WHAT THE EXERCISE ASKS: Please retype the records below exactly, omitting any images.

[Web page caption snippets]
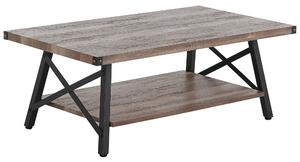 Konferenčný stolík sivý s čiernou doskou stola MDF 55 x 100 cm, kovovým rámom, ozdobnými nohami stola, obdĺžnikový, škandinávsky štýl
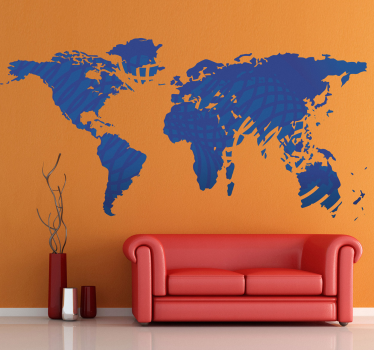 Blåt verdenskort wallsticker - TenStickers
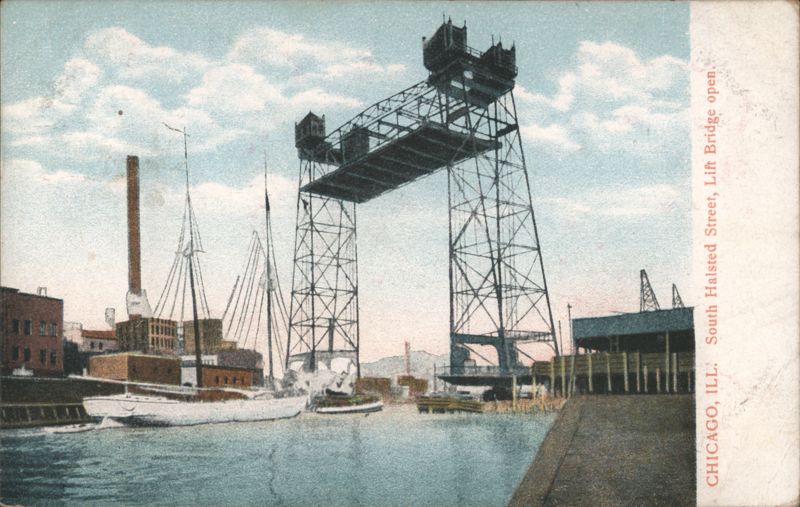 South Halsted Street Lift Bridge open, Chicago Illinois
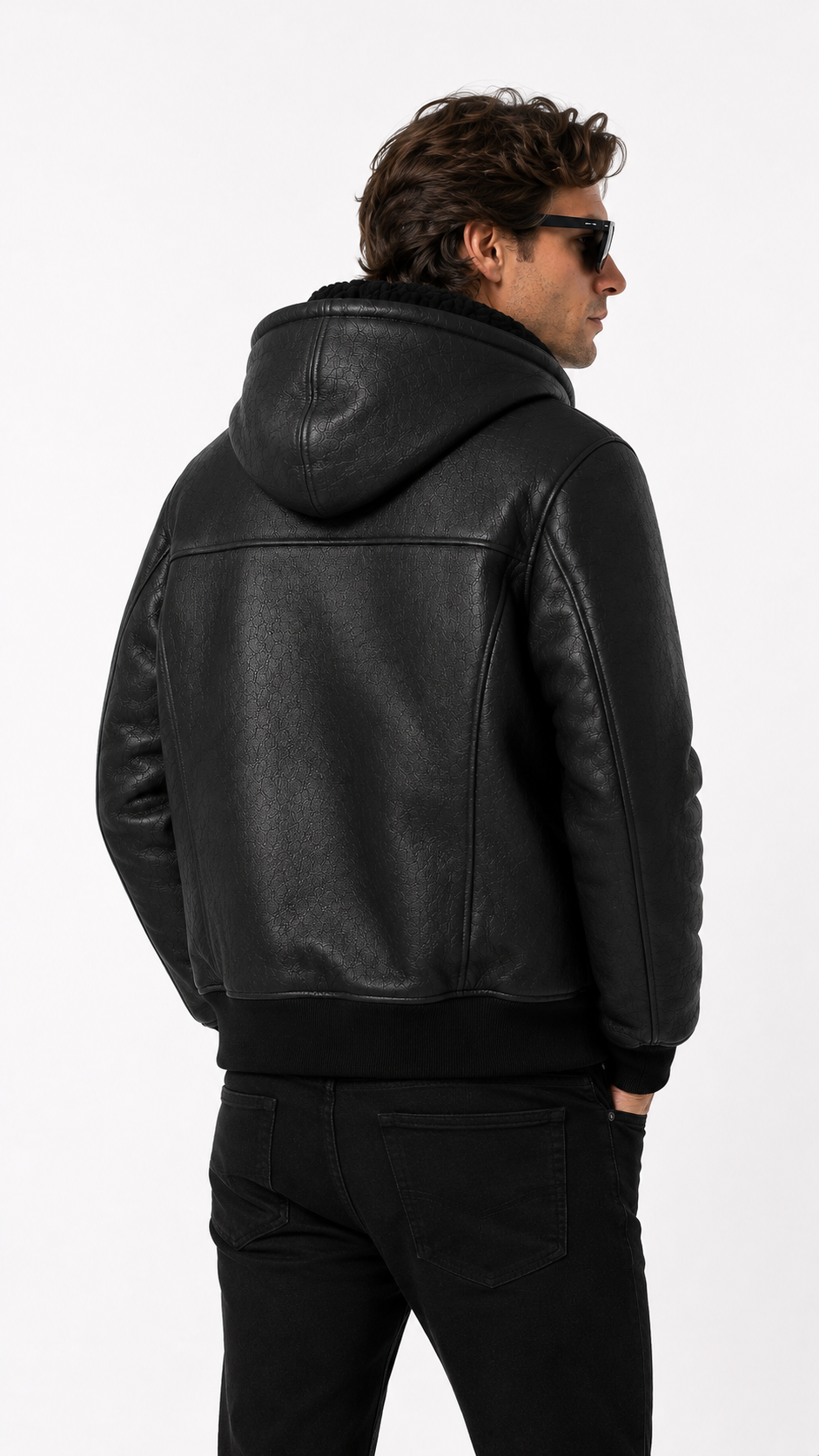 Lamb Leather Fur Black Hooded Jacket for Men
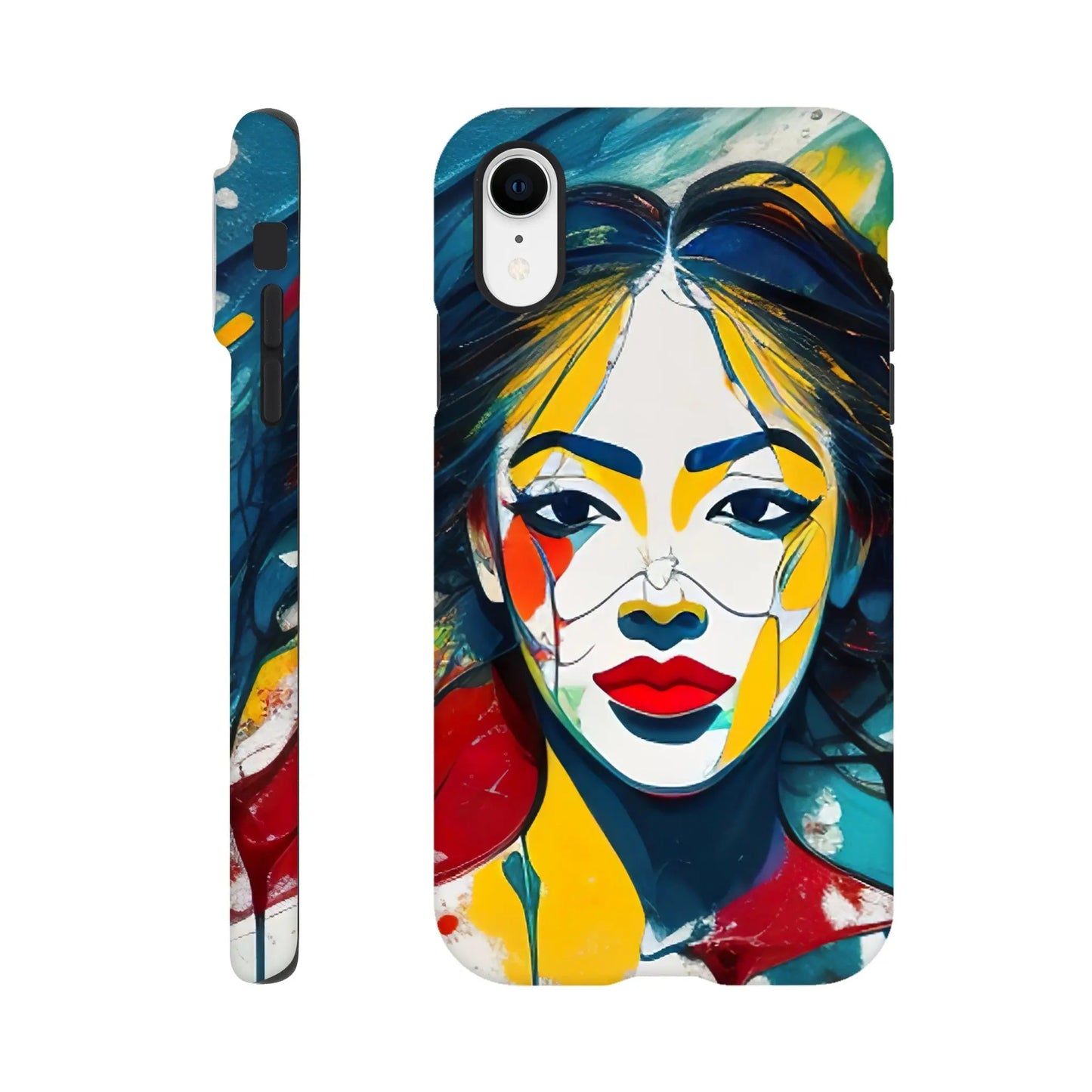Smartphone-Hülle "Hart" - Frauenporträt im Splash Art Stil, KI-Kunst, Splash Art - Porträts, iPhone-XR - RolConArt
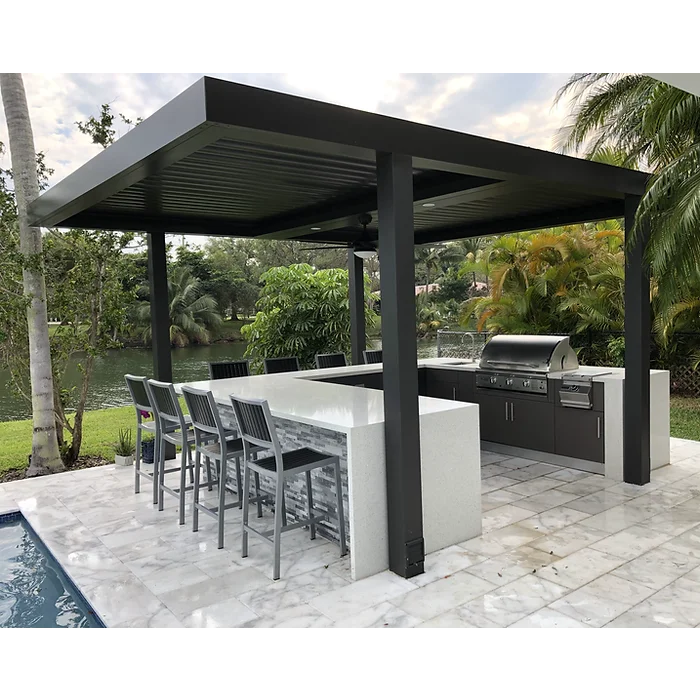 OEM Outdoor Waterproof Aluminium Bioclimatic Pergola Cover Louvered Pergola for Well-Known Brands Arch Arbour Bridge & Pergola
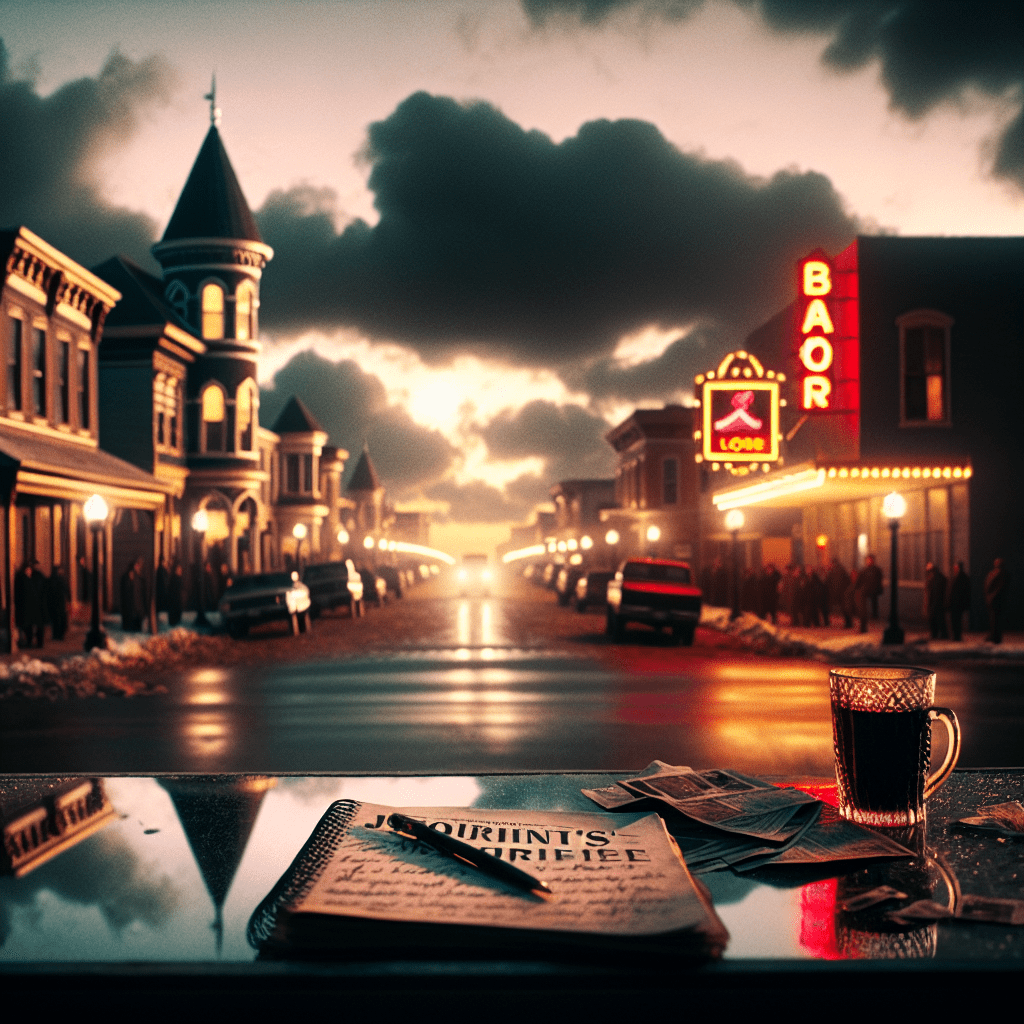 Calle de pueblo de Missouri al anochecer, atmósfera de thriller psicológico y misterio en Heridas abiertas de Gillian Flynn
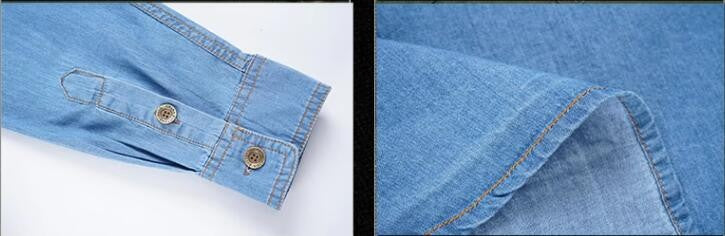 New Spring Men Outdoor Multi-pocket Denim Tooling Shirts Man Long-sleeved Denim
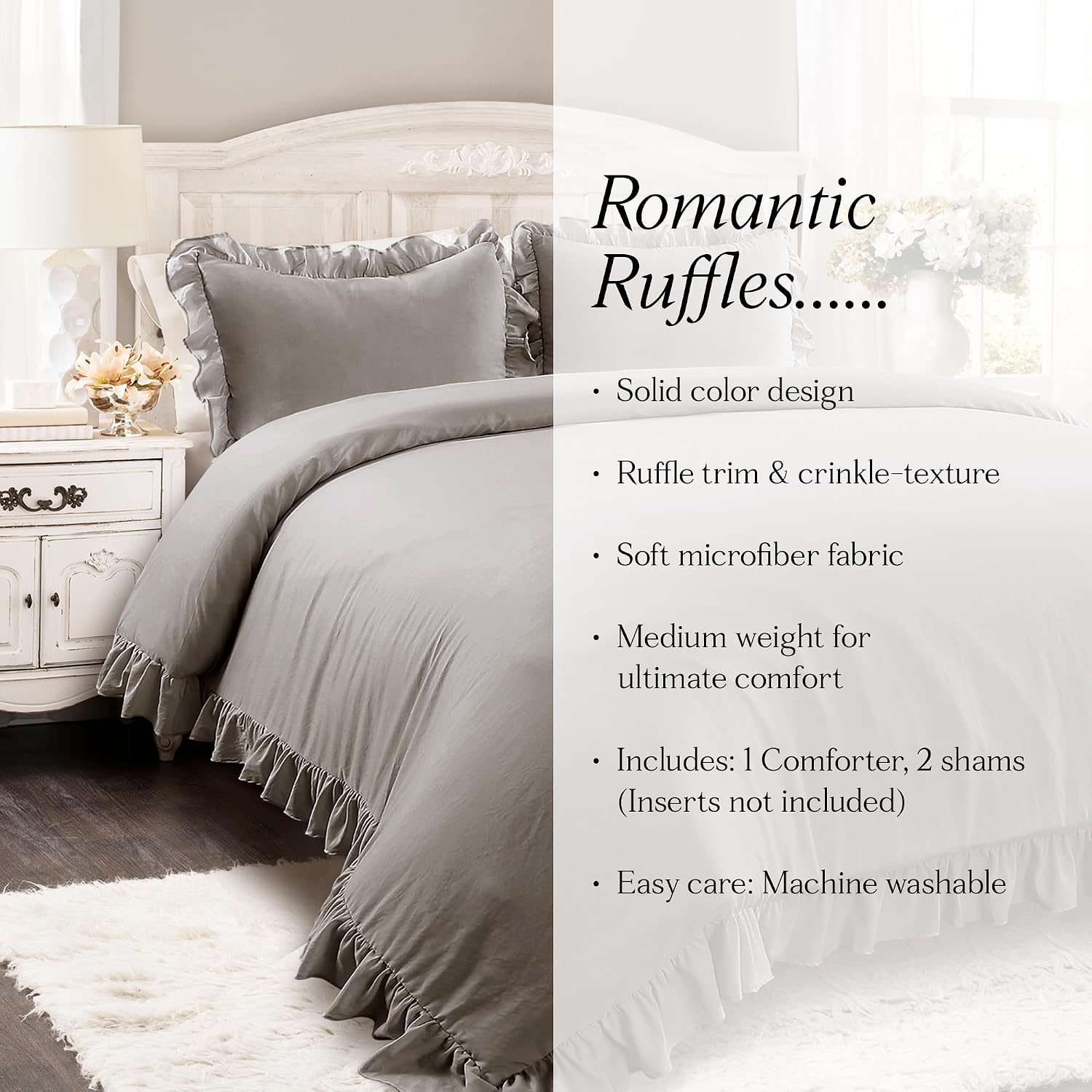 Lush Decor Reyna Ruffle Comforter Set - 3 Piece Cozy Ruffled Bedding Set - Timeless Elegance and Comfort for Bedroom - King, Gray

ANSWER SECTION:
 Konferenčný stolík sivý s čiernou doskou stola MDF 55 x 100 cm, kovovým rámom, ozdobnými nohami stola, obdĺžnikový, škandinávsky štýl
 Blåt verdenskort wallsticker - TenStickers
 South Halsted Street Lift Bridge open, Chicago Illinois
 Lamb Leather Fur Black Hooded Jacket for Men
Smartphone-Hülle "Hart" - Frauenporträt im Splash Art Stil, KI-Kunst, Splash Art - Porträts, iPhone-XR - RolConArt
 OEM Outdoor Waterproof Aluminium Bioclimatic Pergola Cover Louvered Pergola for Well-Known Brands Arch Arbour Bridge & Pergola
 Calle de pueblo de Missouri al anochecer, atmósfera de thriller psicológico y misterio en Heridas abiertas de Gillian Flynn
 New Spring Men Outdoor Multi-pocket Denim Tooling Shirts Man Long-sleeved Denim
 Lush Decor Reyna Ruffle Comforter Set - 3 Piece Cozy Ruffled Bedding Set - Timeless Elegance and Comfort for Bedroom - King, Gray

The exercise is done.